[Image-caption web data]
= = =

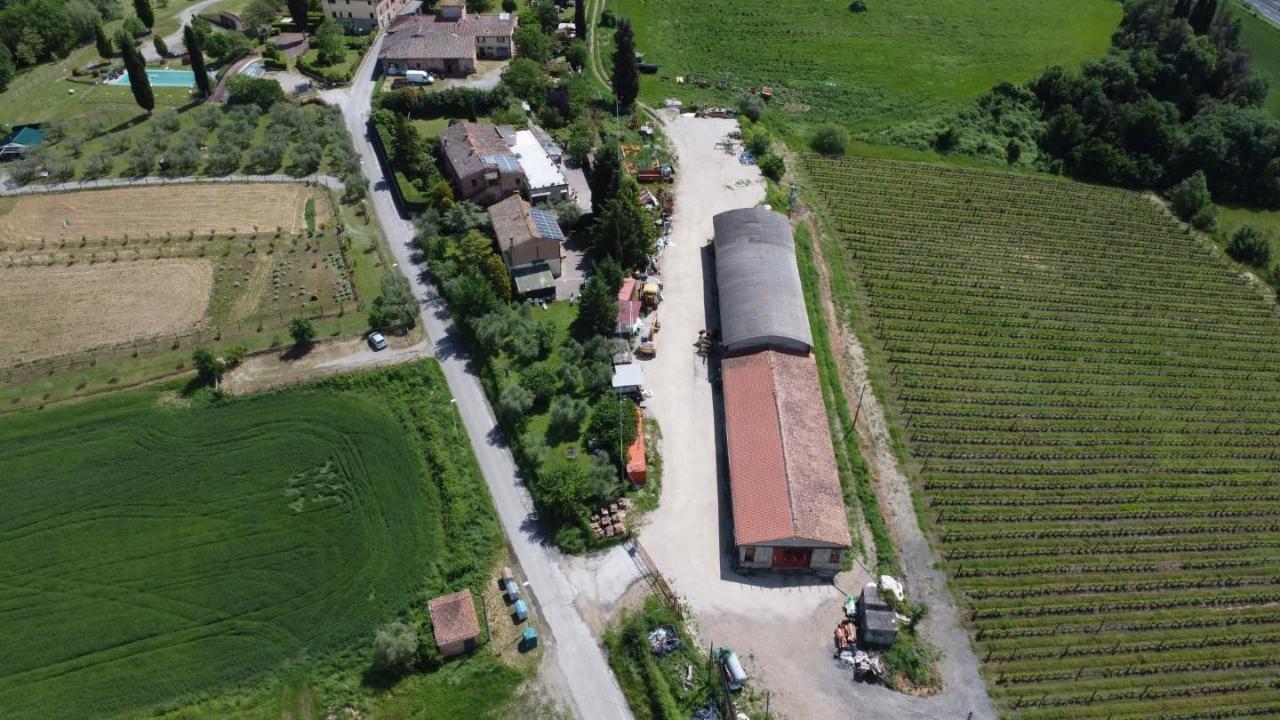 Azienda agricola in 53019 Guistrigona Si 53019, Castelnuovo Berardenga, {3} - Foto 1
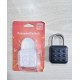 Tuya Smart Password Padlock Watreproof Apps Control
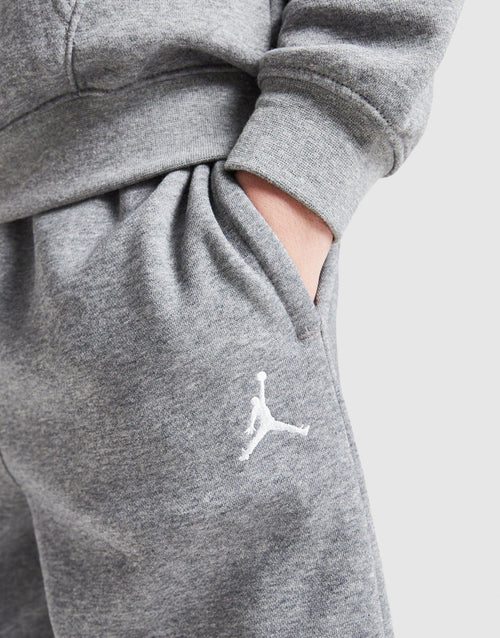 Open Hem Joggers Junior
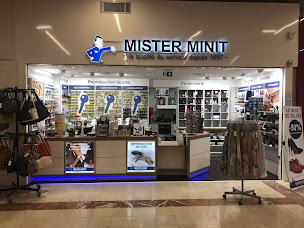 Photo n°1 de Mister Minit Ecole Valentin Carrefour à École-Valentin (Horlogerie)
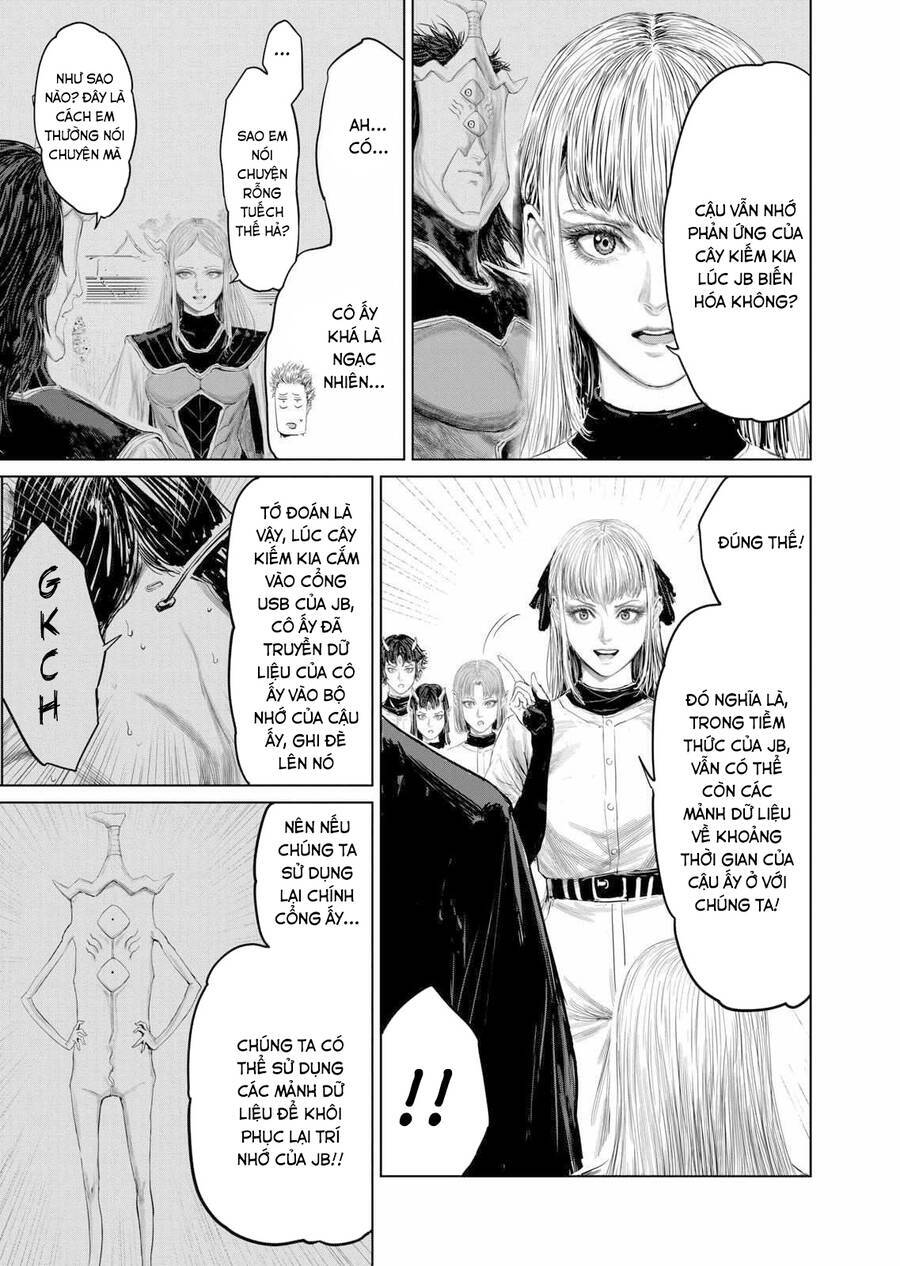 Thú Cưng Của Em Gái Tôi Là Ma Kiếm Chap 103 - Next Chap 104
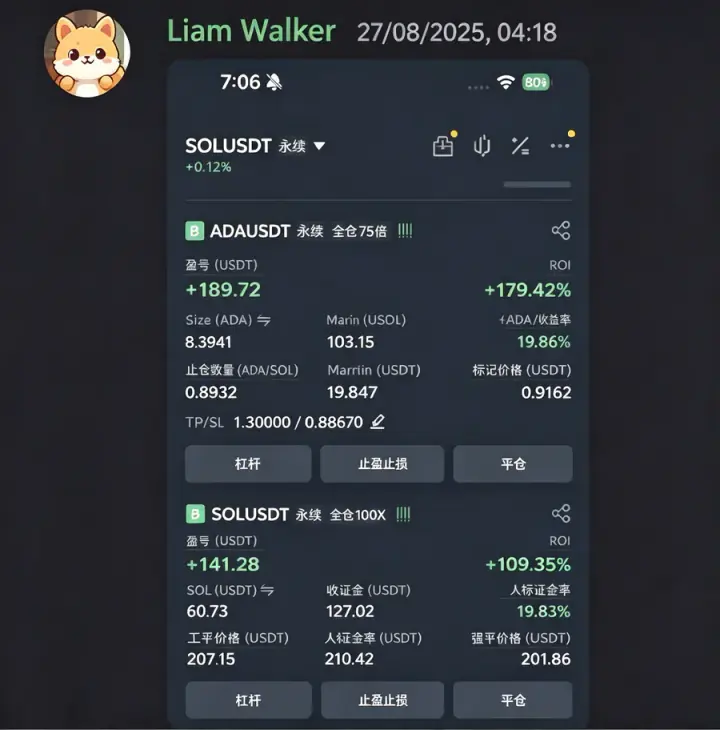 Strategy Results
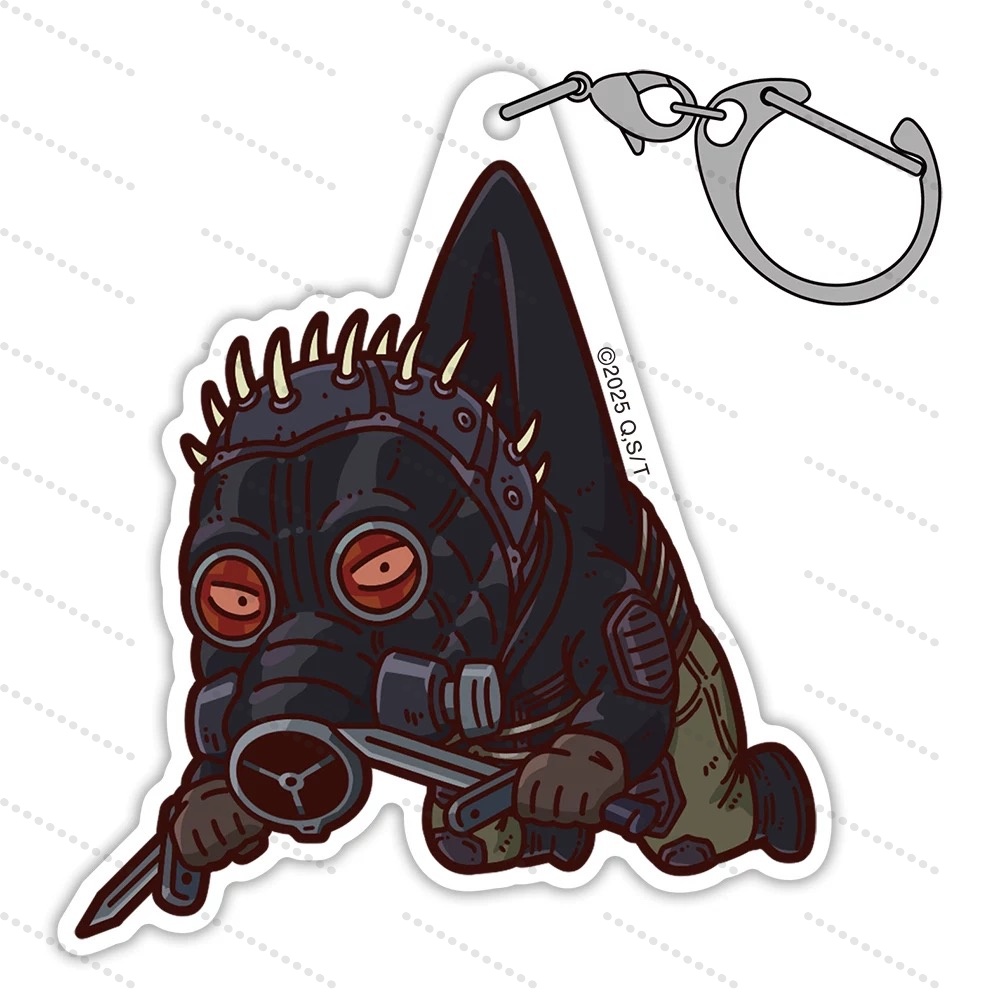 Dorohedoro Anime Cosplay Charm - đánh giá và giá Decor Lighting Phone Number
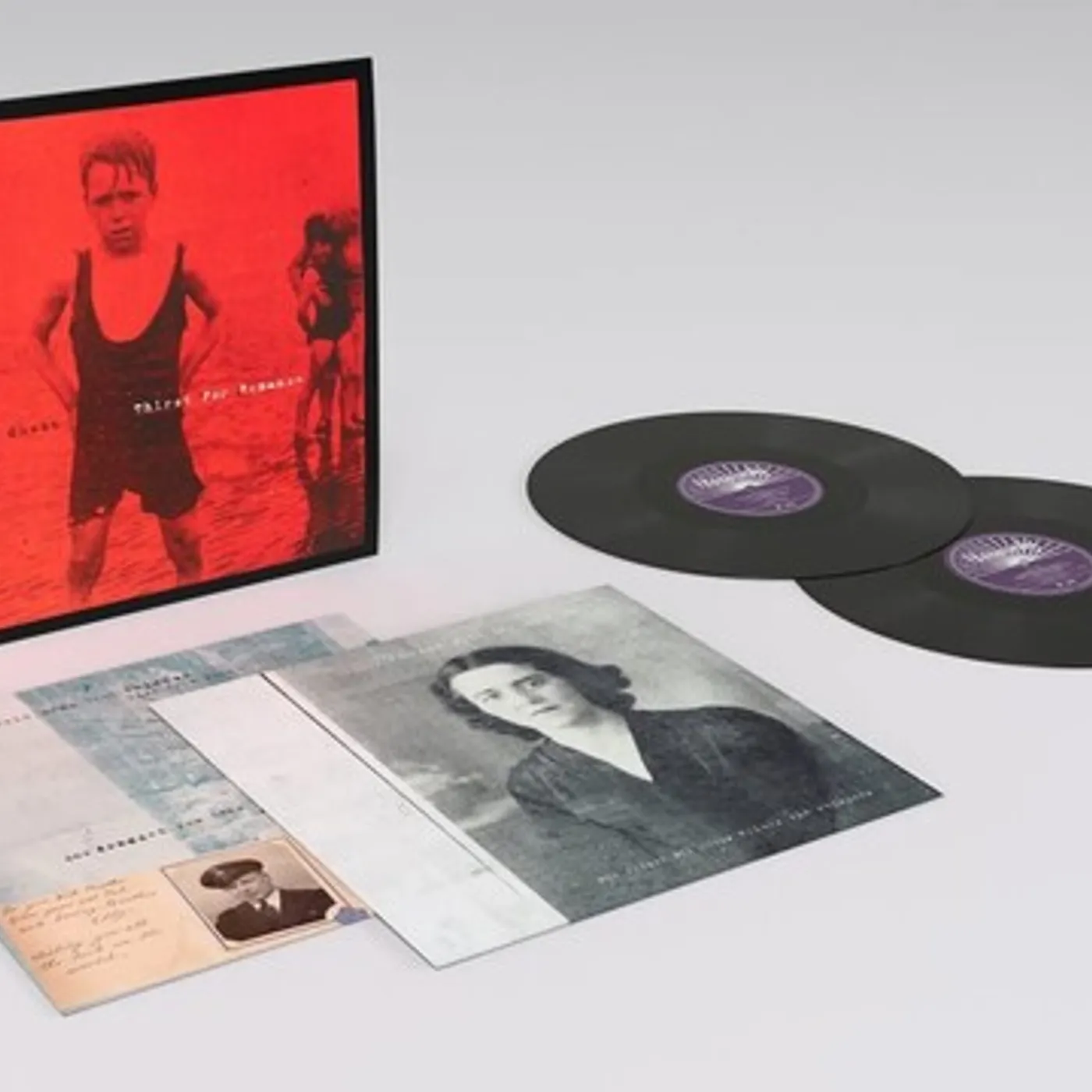 Cherry Ghost Thirst For Romance Vinyl Record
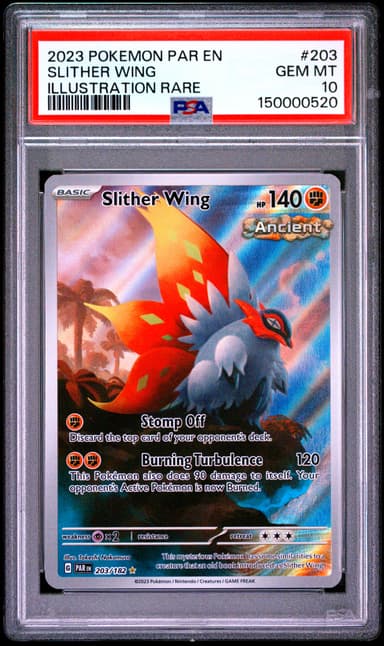Slither Wing
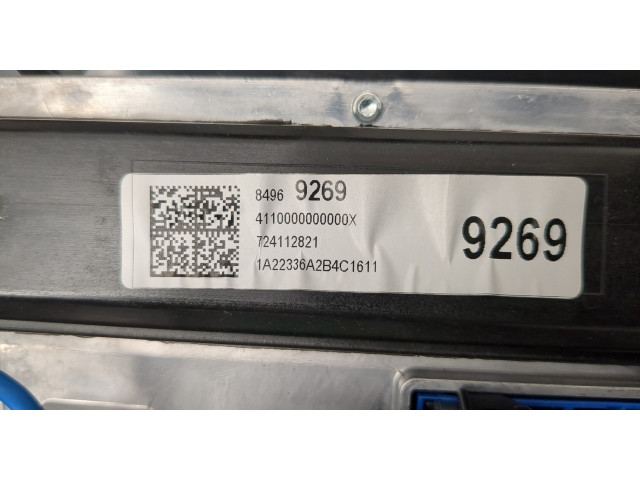 Дисплей бортового компьютера  Buick Envision 2020-2025        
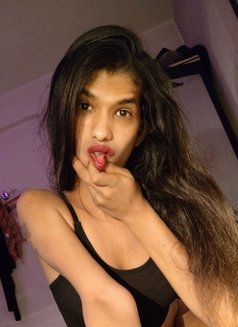 🧚🏻‍♀️Bunny-Girl🧚🏻‍♀️ - Acompañantes transexual in Pune Photo 27 of 30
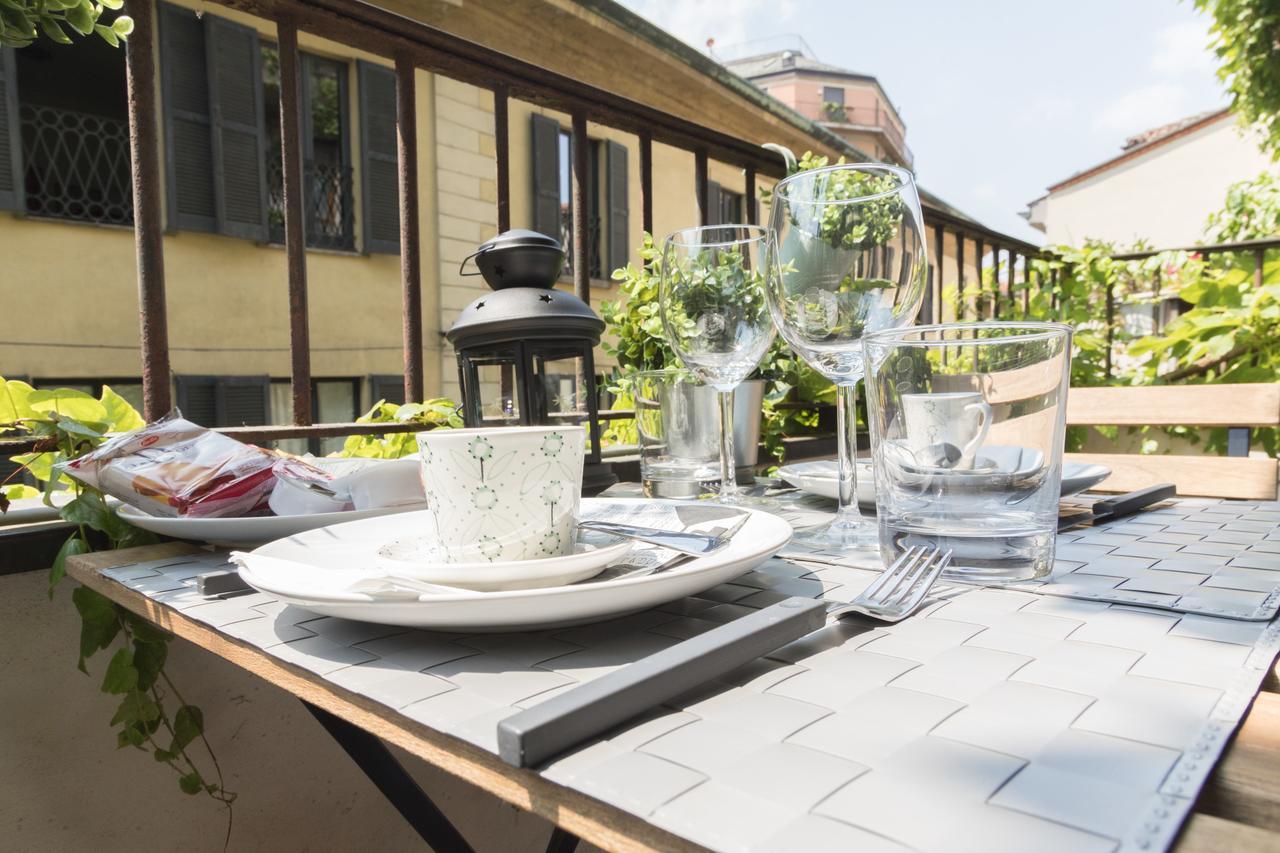 Hemeras Boutique Homes - Design Apartments In Milan Center Екстериор снимка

= = =

_YOUR ASSIGNMENT:_
Set down the entries shown above once more, exactly as they read, but without pictures.

_SOLUTION FOR THIS EXERCISE:_
 Azienda agricola in 53019 Guistrigona Si 53019, Castelnuovo Berardenga, {3} - Foto 1
 Tuya Smart Password Padlock Watreproof Apps Control
 Open Hem Joggers Junior
 Photo n°1 de Mister Minit Ecole Valentin Carrefour à École-Valentin (Horlogerie)
 Thú Cưng Của Em Gái Tôi Là Ma Kiếm Chap 103 - Next Chap 104
 Strategy Results
 Dorohedoro Anime Cosplay Charm - đánh giá và giá Decor Lighting Phone Number
 Cherry Ghost Thirst For Romance Vinyl Record
Slither Wing
 Дисплей бортового компьютера  Buick Envision 2020-2025        
 🧚🏻‍♀️Bunny-Girl🧚🏻‍♀️ - Acompañantes transexual in Pune Photo 27 of 30
 Hemeras Boutique Homes - Design Apartments In Milan Center Екстериор снимка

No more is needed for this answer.